I see an account that is engaging in customer service enquiries! Now, at 8.6 Tweets a day they are just beginning their process of engagement in Customer Services; despite the Brands best efforts to encourage complainants to use a dedicated customer service area online at jetblue.com/speakup or by phoning in. They don’t appear to be honouring their own account profile do they? So, what are they doing? They are training their audience!
Okay, so I think I’ve made the beginning of my point. Even extremely succesful online Brands like @JetBlue with a huge following don’t yet have to worry about being restricted on their outbound Tweets by Twitter because it is very early in their engagement journey. Why? Because the 1000 tweets a day, a maximum of about 300 in any hour and 250 Direct Messages in any 24 hours isn’t going to be broken at their current engagement rates. If they continue to teach their customers that complaints @jetblue are responded to I will argue that they are going to have a very big problem, very soon!
What about brands that are already directly engaged in Customer Service on Twitter? I’ll start the investigation with @Vodacom111 ; a dedicated and extremely hard working a talented team of social-engagers directly within Customer Services in Vodacom South Africa.
This is already 10 times as much engagement as we see from @JetBlue. These figures are averages of course. In @JetBlue’s case, if we were to suffer, say, another Volcanic Ash Cloud, or in @Vodacom111 an incident like the infamous Blackberry Messenger Outage of September 2011 they will easily hit the glass ceiling of maximum Tweets per day. On two occasions now, even with very small Social Media customer services teams I have seen them be rate limited. On both those occasions it was just because of a traffic spike.
I’ll have a quick look at another Social Media in Customer Operations engager in the form of the Orange UK dedicated Customer Services Twitter account @orangehelpers, who are just as hard working and dedicated as Vodacom111;
This is again a high level of average daily engagement, and does not reflect spikes in engagement caused by an issue on the network as in our Blackberry Messenger failure. With a little bit of Google searching it appears the current busiest outbound Tweeter is @FoxNews;
The problem with these figures is that they are averages over the entire lifetime of the account, and most accounts ramp-up over a period. Using simple tools provided by Twitter Stats it is possible to extract detailed records of actual tweets per day going back about 6 months. Let’s compare the actual current figures with the averages we’ve just explored.
@Jetblue – 6 month Tweet Rates
Does anyone else notice the spike in interactions around Hurricane IRENE in late August? That alone clearly tripled the amount of outbound tweets from the main Brand account, despite the fact it isn’t used for Customer Service; apparently!
@Vodacom111 – 6 Month Tweet Rates
Even though Vodacom111 has got 7800 followers, roughly 218 times less than the following of @Jetblue they are already at the high watermark of around 130 tweets per day based on my adjudication of their stats. This is what I expect from a customer services team that are engaging with a few people on the front line. @Jetblue is still doing their 50 a day or so. But, as you saw earlier even @JetBlue is beginning to engage in Customer Service on their main account. Also, I see several spikes at about 250 tweets a day from the Vodacom111 team. They are though still a very small and dedicated team of social engagers who aren’t yet fully engaged but they will be soon. What happens when Vodacom customers begin to learn to engage?
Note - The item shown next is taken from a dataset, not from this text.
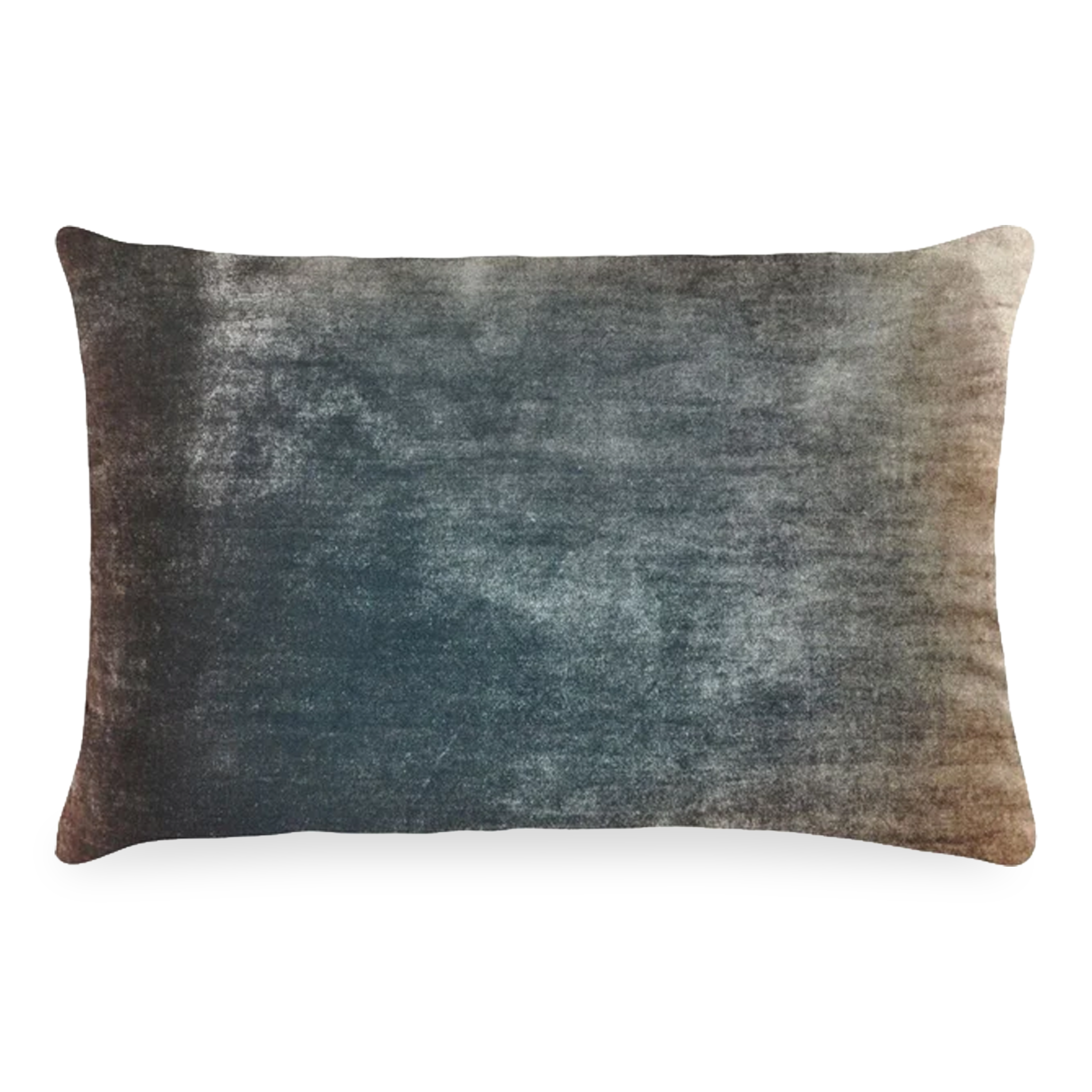 Ombre Velvet Pillow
@orangehelpers – 6 Month Tweet Rates
With @Orangehelpers we see a very similar engagement curve to @vodacom111. A steady increase in engagement and clear customer service spikes. I can also see them hitting in excess of 350 tweets in a day based on a very specific event in early December 2011. My guess is it was a traffic spike induced by a 15% price increase to all customers. In early October we can see over a weeks worth of spike. Anyone like to guess what that issue was? Yes, it is the Blackberry Messenger failure.
@TMobileUKHelp – 6 Month Twitter Rates
The T-Mobile Customer Service team increased the size of their engagement team. Anyone like to guess when? We see the same traffic spike around the 15th of October due to the Blackberry Messenger failure. Another big spike on or around the 25th November. I wonder if that had anything to do with the new DROID launch? This again, is a small, yet dedicated team of engagers.
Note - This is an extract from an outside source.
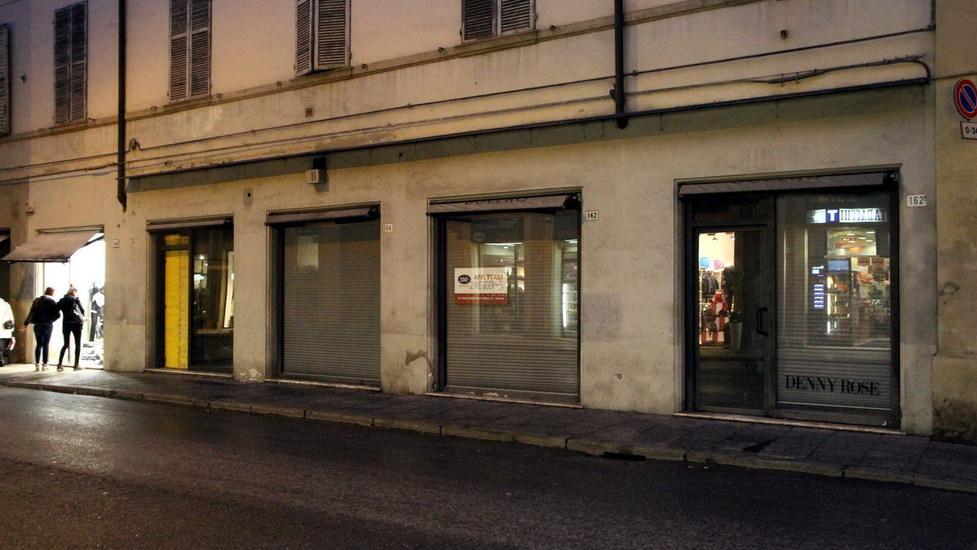 Modena, in centro storico oltre 120 locali vuoti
What does this all point too?
My line of thought should now be obvious! If I am a Brand and my Marketing Department is engaged in a social media strategy then I may tweet prolifically; perhaps using Automation and Bots to take content coming from the core of online and broadcasting it on Twitter. I suspect that this is how most INFORMATION streams find their way into Twitter.
But, what about Customer Service? In some of the accounts that I have mentioned in this post Anana has deployed several key elements of their existing customer service capability. The volume of customer interactions handled by these solutions in traditional channels like the “telephone” are mind-boggling. We are talking about numbers in excess of 1 Billion customer service interactions a year. The Interactive Voice Response system alone handles over 125,000 interactions a day! Don’t those numbers begin to cause a concern? If our digital natives are keen to use social platforms to access Customer Service we need our social platforms to enable an according amount of interactions! Right?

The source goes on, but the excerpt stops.